La nación judía, absolutamente nueva en la historia, sería la mayor,
con 14.000 kilómetros cuadrados, 558.000 judíos y 405.000 árabes por
vecino; la árabe tendría 11.000 kilómetros cuadrados y unos 10.000
judíos entre sus 820.000 habitantes. La zona de exclusión internacional
estaría equilibrada, con 100.000 residentes de cada lado. 33 naciones dijeron sí
a este reparto -entre ellas, EEUU y la URSS-, 13 votaron en contra y 10
se abstuvieron -entre ellos, la potencia colonial, Reino Unido-. Corría
el 29 de noviembre del 47. En mayo del 48, Londres debería abandonar su
mandato y la partición tendría efecto desde su retirada, pero la
resolución no decía a las claras cómo debía aplicarse el plan, así que
los británicos alegaron la “imposibilidad de aplicar el texto” para justificar por qué no facilitaron la creación del nuevo escenario. Historiadores como Ilan Pappe sostienen
que los meses de transición “sólo sirvieron para que el personal de la
metrópoli hiciera las maletas, pero sin arreglar la casa que
dejaban”. Si el árbitro no ayudó, los contendientes tampoco. La resolución, que cristalizó de un debate intenso de casi un año, quedó en nada, nunca fue aplicada. Las naciones árabes la rechazaron
porque suponía perder un territorio mayoritariamente musulmán en los
últimos siglos, una tierra en la que el 67% de los habitantes era árabe,
además de recibir menos tierras que los judíos; los representantes israelíes se quejaban de la “pequeñez” de sus posesiones, de su discontinuidad territorial y las complejidades de su defensa, pero aceptaron: evidentemente, la resolución permitía el nacimiento del perseguido hogar para los hebreos.
Las semanas previas al adiós inglés fueron de práctica pre-guerra. La
ONU no respondía ante la sucesión de atentados, emboscadas y
escaramuzas diarias, por ambas partes. Reino Unido insistía en lo
“inaceptable” de la resolución para árabes y judíos, mientras se
retiraba de cuarteles y fortalezas. El 15 de mayo de 1948, un día antes de que expirase el mandato británico, David Ben Gurión leía en Tel Aviv la declaración de independencia israelí.
No esperó ni al plazo final, porque coincidía con el shabbat. En
aquella sesión histórica se derogaron las leyes anti-inmigración: en los
tres años siguientes llegaron 700.000 personas, una Jerusalén entera. Las naciones árabes respondieron declarando la guerra
y en la noche del 15, tropas de Egipto, Transjordania, Siria, Irak y
Líbano comenzaron a avanzar hacia Israel, el estado recién creado. La
orden era “la eliminación absoluta del estado hebreo”, en palabras de Azzam Pachá, secretario general de la Liga Árabe.

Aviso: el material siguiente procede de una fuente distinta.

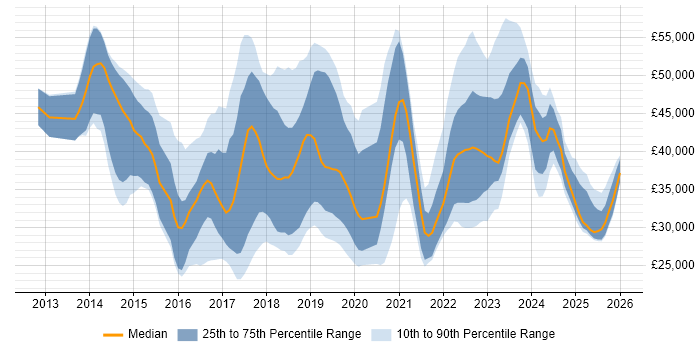 Salary distribution trend for jobs in Dorset citing Microsoft 365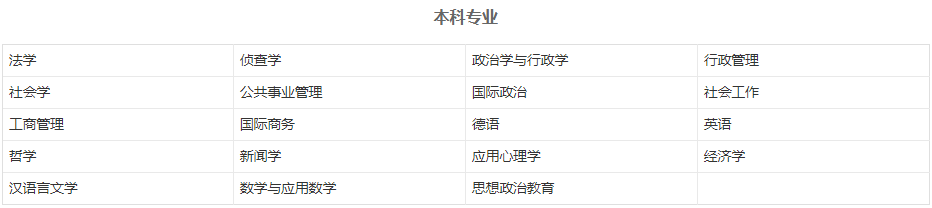 政法本科.png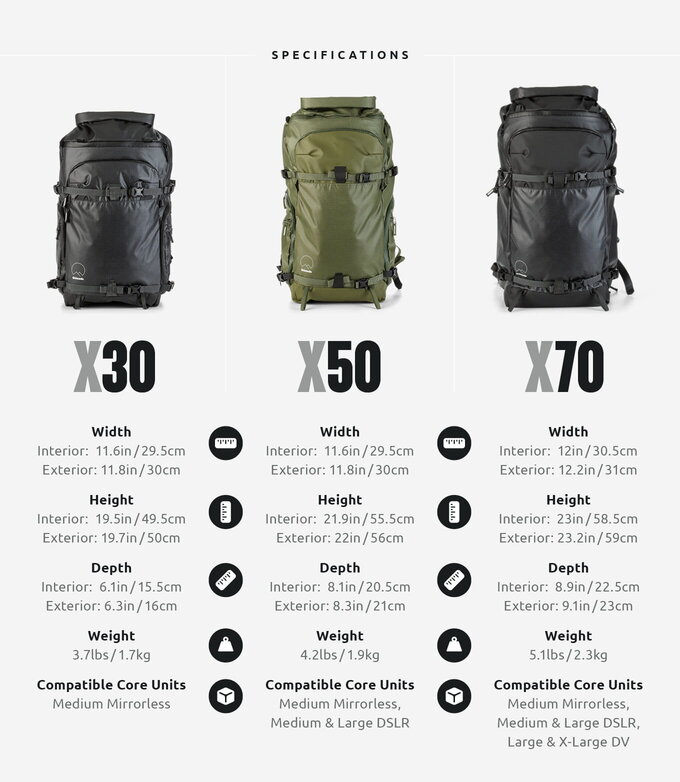 Promocja na plecaki Shimoda Action X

El Gobierno de Tel Aviv tenía muchos puntos a su favor: había cinco millones de judíos en EEUU -en los que Harry S. Truman suponían cinco millones de votantes-, la URSS no tenía seguidores en el Medio Oriente y necesitaba un socio en la zona, los israelíes presentaron una oposición menor a la de los árabes a la resolución 181 y, sobre todo, la persecución nazi era, por su brutalidad, la “legitimación definitiva e irrebatible” para su nación, como explica el historiador Joan B. Culla en su obra La tierra más disputada,
(Alianza Ensayo). Los árabes estaban dispersos, guerreando en tierra
ajena, con escasos medios y sin simpatías en la comunidad internacional.
Los 15 meses que siguieron fueron como todas las
guerras: de sangre, de horror, de avances y retrocesos. En diciembre ya
había una conclusión clara: el fenómeno de los refugiados palestinos era imparable y había que permitir su retorno cuando acabasen los combates. Se aprobó otra resolución en la ONU, la 194, reafirmada en 1974 con la 3236. Para nada. Nadie ha retornado a su casa.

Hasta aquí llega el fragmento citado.